Talvez ninguém tenha compreendido a necessidade e o preço de uma imprensa livre melhor do que Thomas Jefferson. Numa carta enviada a um amigo, em 1787, ele escreveu: “Se coubesse a mim decidir se devemos ter um governo sem jornais, ou jornais sem um governo, eu preferiria este último sem hesitar.” Duas décadas depois, Jefferson, então um presidente combalido por anos de críticas, encarava as coisas de modo diferente. “Não devemos acreditar em nada que esteja escrito num jornal”, escreveu. “A própria verdade se torna suspeita quando inserida neste veículo poluído.”

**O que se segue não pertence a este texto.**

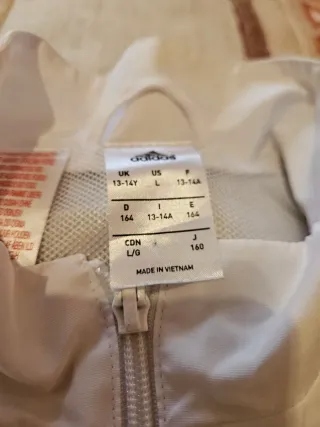 Chándal Real Madrid Adidas Niño/a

Essa tensão está no âmago da garantia contemplada na Primeira Emenda da Constituição americana, de que “nenhuma lei” pode extinguir “a liberdade de expressão ou da imprensa”. De que maneira a sociedade preserva a crítica aberta ao governo protegendo ao mesmo tempo os indivíduos contra a difamação ou a publicação de declarações falsas e danosas? Há cinquenta anos, em nove de março de 1964, a Suprema Corte respondeu a esta pergunta com uma decisão que fez jurisprudência na ação movida por L. B. Sullivan contra The New York Times. Essa decisão mudou instantaneamente a lei sobre difamação nos EUA e ainda representa a mais clara e contundente defesa da liberdade de imprensa na história americana.

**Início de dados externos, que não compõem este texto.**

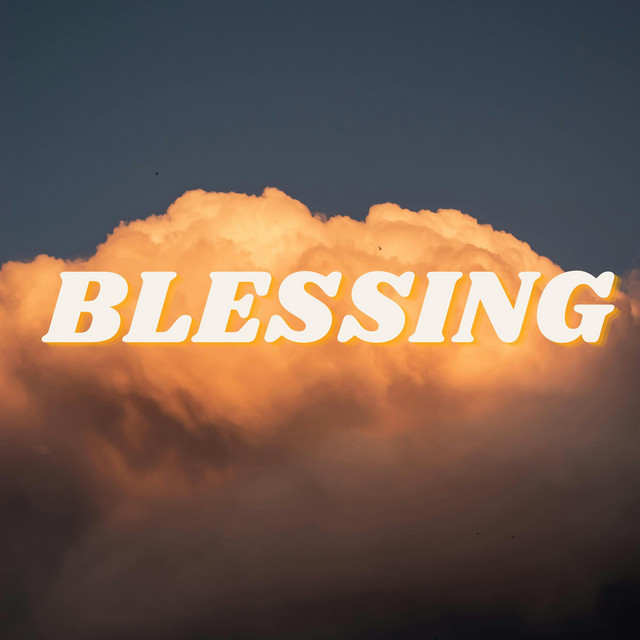 Blessing cover art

A ação envolveu um anúncio publicado no Times em 1960, condenando uma “onda de terror sem precedentes” contra defensores dos direitos civis por “transgressores da lei sulistas”, particularmente no Alabama. O anúncio era um chamado à atenção nacional e um pedido de contribuições para o movimento. L. B. Sullivan, vereador em Montgomery, processou o jornal por difamação alegando que ele era o alvo do anúncio, mesmo que seu nome não fosse mencionado, e havia inúmeros erros factuais. Com leis sobre difamação favoráveis ao autor da ação, um tribunal do Alabama decidiu que Sullivan deveria ser indenizado em US$ 500 mil.

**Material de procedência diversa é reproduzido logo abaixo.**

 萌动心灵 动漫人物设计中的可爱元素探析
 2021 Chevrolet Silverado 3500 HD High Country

A Suprema Corte, por unanimidade, anulou aquele veredicto. O ministro da Suprema Corte William Brennan, citando uma outra decisão, afirmou que para os fundadores da nação “a discussão pública é uma obrigação e deve ser um princípio fundamental do governo americano”. A discussão, no caso, acrescentou, deve ser “irrestrita, robusta e totalmente aberta” e “pode muito bem incluir ataques veementes, cáusticos e às vezes violentos contra o governo e autoridades”.
EUA são um exemplo louvável
Para o tribunal, o contexto dos direitos civis era chave: o anúncio era “uma expressão de agravo e protesto contra um dos maiores problemas da nossa sociedade e do nosso tempo” e as autoridades do Alabama não podiam calar as críticas, mesmo que elas contivessem erros de menor importância. “Declarações incorretas são inevitáveis num debate livre”, ponderou o magistrado, e “devem ser protegidas para que a liberdade de expressão tenha o espaço vital que precisa.”
Com isso em mente, o tribunal estabeleceu novo critério, o de afirmações falsas com intenção de difamar, o que exige que a autoridade pública prove que o réu sabia que a declaração era falsa ou ignorou temerariamente se era verdadeira ou não. No caso do cidadão, o problema é mais fácil de ser superado. Geralmente, ele precisa apenas provar que a afirmação falsa resultou de negligência.
A decisão da Suprema Corte foi revolucionária porque o tribunal pela primeira vez rejeitou na prática qualquer tentativa com vistas a sufocar críticas a autoridades públicas – mesmo que falsas – como sendo antiéticas “no sentido fundamental da Primeira Emenda”. Hoje, nossa compreensão de liberdade de imprensa deriva em grande parte do caso Sullivan. Suas observações e princípios fundamentais continuam incontestes, mesmo quando a internet transformou todo mundo num editor global – capaz de exigir que as autoridades públicas respondam por suas ações e também de arruinar reputações com o clique de um mouse.
Mas o governo pode alterar o delicado equilíbrio do caso Sullivan eliminando agressivamente possibilidades de investigação, como fez o governo Obama a um nível extremo processando suspeitos de vazamento de documentos secretos e até confiscando gravações feitas por jornalistas. A crítica robusta e irrestrita só pode ir mais longe se houver acesso significativo à informação.
Mas as liberdades da imprensa americana estão entre as mais amplas do mundo. Cidadãos e organizações de mídia em países como China, Índia e até Grã-Bretanha, não desfrutam das mesmas proteções. Em muitas partes do mundo, jornalistas são censurados, perseguidos, presos ou enfrentam situações ainda piores, simplesmente pelo fato de fazerem seu trabalho e desafiarem ou criticarem autoridades. Neste campo do Direito, pelo menos, os EUA são um exemplo louvável.